- 発行日 :
- 自治体名 : 北海道歌志内市
- 広報紙名 : 広報うたしない 令和7年4月号
ブラジルで私は西芦別出身の方と親しくしていました。
西芦別の坑員だった父親が、炭砿の未来に希望を失いブラジルに移民したと聞きました。
エネルギーの主役が石炭から石油に代わる時代です。
南米の広い入植地で、炭砿労働者が開拓農民になって畑を拓くことは、たいへんな苦労でした。
慣れない環境で病を得て亡くなったかたがたも少なくありません。
その方は30歳ごろに、日系ブラジル人の北海道訪問団に選ばれました。
懐かしい友だちが会いに来るかもしれないと期待して、新聞やテレビの取材では「西芦別のSです」と名乗りをあげていたそうです。

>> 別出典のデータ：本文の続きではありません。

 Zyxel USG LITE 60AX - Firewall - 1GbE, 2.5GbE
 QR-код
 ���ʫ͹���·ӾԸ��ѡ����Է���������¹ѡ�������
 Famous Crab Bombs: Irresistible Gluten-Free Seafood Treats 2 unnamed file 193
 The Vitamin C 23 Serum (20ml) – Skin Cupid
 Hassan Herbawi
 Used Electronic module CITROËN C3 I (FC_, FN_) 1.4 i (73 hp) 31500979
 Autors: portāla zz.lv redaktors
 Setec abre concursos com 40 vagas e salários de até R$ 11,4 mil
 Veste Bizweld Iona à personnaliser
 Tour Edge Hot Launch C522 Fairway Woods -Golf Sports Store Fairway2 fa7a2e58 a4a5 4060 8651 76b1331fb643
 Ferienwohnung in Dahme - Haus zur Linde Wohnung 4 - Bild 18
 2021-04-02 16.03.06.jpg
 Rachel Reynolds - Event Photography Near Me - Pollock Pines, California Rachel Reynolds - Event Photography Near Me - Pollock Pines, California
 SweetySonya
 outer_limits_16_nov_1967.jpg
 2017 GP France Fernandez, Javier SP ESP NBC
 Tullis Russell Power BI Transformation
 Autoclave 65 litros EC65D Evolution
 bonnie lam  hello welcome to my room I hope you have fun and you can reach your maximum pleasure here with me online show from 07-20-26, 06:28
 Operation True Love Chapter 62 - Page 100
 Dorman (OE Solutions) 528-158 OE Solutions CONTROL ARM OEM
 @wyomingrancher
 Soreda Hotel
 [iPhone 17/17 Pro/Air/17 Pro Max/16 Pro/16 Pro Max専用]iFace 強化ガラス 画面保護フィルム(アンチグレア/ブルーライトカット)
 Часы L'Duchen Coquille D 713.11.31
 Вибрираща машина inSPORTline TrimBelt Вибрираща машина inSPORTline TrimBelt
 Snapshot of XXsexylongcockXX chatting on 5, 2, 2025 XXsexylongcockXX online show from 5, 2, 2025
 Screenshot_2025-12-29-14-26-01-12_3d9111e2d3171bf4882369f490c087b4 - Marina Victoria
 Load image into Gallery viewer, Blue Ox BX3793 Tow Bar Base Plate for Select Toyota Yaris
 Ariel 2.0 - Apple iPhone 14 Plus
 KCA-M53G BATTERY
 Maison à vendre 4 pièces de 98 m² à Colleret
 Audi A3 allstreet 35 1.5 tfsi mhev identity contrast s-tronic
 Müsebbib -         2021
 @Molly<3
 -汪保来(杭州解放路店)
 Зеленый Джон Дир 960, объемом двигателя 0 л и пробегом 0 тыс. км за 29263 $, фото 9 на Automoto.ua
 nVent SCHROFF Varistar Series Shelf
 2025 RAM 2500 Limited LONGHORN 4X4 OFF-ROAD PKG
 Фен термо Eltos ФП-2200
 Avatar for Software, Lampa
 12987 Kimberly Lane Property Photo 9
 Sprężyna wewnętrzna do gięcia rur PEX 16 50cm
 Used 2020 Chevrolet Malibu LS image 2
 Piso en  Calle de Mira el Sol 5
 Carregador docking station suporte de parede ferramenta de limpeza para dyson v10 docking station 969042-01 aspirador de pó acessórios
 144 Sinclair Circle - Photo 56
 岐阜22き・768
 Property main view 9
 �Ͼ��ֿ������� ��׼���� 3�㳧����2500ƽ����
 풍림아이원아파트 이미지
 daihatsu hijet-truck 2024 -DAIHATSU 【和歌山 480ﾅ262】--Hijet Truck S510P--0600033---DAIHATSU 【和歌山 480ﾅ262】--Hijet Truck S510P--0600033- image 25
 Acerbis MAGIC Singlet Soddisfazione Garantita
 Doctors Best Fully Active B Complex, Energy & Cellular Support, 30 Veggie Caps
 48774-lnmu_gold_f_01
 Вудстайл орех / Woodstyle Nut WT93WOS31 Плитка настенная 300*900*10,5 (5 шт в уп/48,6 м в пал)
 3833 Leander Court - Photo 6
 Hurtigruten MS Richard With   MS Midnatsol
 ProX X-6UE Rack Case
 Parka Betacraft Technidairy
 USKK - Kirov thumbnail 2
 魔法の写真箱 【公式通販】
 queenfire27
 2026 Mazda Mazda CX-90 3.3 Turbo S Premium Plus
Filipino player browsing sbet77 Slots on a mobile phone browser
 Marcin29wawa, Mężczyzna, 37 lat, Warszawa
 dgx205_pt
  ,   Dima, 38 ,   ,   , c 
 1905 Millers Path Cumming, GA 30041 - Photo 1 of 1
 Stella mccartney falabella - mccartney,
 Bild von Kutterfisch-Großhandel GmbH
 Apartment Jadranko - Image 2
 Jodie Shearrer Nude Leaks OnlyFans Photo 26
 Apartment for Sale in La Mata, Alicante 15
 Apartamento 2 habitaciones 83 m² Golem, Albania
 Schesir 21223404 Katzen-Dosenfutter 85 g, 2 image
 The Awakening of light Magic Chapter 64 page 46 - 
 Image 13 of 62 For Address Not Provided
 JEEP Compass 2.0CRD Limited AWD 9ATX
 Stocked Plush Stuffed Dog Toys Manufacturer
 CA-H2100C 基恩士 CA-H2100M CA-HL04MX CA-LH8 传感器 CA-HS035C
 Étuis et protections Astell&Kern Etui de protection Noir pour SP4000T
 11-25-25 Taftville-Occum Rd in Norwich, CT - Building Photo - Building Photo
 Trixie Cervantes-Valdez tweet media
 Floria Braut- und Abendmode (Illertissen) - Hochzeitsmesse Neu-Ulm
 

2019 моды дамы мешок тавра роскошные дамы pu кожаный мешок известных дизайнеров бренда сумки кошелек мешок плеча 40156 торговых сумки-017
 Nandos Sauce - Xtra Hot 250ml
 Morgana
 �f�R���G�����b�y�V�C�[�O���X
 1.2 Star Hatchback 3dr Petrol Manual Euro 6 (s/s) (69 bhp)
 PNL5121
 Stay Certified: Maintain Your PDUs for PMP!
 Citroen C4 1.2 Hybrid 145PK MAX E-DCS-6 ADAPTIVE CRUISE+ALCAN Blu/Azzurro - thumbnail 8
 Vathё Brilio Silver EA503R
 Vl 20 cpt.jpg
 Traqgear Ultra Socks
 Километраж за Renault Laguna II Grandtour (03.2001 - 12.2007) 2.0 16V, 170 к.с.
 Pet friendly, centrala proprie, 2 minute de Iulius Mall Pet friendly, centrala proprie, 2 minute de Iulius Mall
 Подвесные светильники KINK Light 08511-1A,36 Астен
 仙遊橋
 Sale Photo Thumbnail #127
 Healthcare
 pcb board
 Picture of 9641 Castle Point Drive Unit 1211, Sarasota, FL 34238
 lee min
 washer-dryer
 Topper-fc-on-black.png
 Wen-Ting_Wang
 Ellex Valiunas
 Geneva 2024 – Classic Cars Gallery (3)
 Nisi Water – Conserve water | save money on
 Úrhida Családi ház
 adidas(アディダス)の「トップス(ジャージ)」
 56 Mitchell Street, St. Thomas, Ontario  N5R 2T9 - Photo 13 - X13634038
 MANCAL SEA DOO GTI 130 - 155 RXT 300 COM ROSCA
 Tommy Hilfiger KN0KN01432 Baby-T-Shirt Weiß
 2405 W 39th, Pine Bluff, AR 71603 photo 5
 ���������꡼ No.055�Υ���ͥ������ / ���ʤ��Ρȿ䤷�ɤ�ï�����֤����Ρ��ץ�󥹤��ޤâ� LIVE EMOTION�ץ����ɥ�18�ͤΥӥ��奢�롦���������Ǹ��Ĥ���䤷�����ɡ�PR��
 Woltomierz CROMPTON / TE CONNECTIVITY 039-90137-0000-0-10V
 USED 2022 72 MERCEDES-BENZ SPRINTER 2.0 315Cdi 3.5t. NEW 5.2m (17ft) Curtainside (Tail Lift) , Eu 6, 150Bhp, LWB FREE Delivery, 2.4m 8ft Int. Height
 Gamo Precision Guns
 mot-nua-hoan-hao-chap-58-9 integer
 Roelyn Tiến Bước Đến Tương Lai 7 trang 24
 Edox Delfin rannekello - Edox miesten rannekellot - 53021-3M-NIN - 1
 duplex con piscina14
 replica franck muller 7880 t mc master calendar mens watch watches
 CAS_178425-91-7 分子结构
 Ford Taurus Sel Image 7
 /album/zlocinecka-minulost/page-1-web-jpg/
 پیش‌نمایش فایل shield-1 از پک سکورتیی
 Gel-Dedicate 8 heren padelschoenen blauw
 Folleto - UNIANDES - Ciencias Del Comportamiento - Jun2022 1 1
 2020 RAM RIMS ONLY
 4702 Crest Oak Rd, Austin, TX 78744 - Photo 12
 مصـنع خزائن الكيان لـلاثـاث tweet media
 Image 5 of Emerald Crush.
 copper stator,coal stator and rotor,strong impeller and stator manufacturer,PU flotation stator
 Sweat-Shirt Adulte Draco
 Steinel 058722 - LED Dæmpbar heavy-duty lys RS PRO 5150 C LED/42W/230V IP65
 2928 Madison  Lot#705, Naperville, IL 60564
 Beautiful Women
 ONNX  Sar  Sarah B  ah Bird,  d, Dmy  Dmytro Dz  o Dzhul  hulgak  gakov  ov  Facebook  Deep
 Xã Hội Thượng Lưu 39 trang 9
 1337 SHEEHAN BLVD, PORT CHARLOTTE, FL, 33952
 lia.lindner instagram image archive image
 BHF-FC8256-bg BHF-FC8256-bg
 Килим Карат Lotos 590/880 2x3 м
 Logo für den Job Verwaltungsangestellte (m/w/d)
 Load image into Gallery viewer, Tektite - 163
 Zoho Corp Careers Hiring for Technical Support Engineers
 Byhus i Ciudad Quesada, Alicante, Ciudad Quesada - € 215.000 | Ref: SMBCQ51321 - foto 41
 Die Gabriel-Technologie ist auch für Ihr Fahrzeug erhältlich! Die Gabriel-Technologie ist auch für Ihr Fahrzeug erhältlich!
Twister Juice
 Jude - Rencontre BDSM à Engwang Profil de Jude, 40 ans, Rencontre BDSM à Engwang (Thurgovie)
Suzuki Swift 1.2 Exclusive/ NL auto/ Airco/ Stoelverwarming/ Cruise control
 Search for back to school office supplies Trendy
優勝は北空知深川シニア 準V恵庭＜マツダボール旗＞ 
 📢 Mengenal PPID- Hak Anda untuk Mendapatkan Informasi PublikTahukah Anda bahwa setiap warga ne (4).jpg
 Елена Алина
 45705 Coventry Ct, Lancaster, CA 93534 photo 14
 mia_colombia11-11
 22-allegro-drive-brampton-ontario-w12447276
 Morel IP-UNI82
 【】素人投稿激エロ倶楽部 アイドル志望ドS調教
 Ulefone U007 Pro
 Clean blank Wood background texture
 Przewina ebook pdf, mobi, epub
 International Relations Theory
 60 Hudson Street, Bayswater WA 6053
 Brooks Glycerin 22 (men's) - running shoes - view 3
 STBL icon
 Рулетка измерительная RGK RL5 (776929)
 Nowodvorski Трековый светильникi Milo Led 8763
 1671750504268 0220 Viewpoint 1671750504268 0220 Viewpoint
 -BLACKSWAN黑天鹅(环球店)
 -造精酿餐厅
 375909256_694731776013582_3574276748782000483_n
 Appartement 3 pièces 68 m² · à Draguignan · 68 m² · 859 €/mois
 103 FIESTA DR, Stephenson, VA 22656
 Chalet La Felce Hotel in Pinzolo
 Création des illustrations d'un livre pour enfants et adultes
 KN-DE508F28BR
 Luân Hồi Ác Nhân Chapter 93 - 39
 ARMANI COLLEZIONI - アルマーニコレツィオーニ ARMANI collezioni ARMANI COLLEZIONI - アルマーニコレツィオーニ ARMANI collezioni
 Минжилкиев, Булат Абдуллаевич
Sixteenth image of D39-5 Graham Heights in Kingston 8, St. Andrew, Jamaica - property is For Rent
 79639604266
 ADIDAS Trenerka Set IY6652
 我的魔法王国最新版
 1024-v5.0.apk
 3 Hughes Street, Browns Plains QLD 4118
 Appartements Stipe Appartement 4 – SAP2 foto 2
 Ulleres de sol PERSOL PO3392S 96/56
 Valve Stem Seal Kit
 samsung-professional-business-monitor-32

「誰にも会えませんでした。全てが変わり果てた西芦別にも行きました。みんなどこに行ったのですか?」エネルギー革命で北海道の炭砿を離れて、海外に希望をつないだ人たちがいました。
『在伯北海道人史(ざいはくほっかいどうじんし)』の名簿に載っているだけで、歌志内からのブラジル移民が20名確認できます。
遠く南十字星の下で、望郷の念にかられた歌志内の人たちがいたことを、覚えていてほしいと思うのです。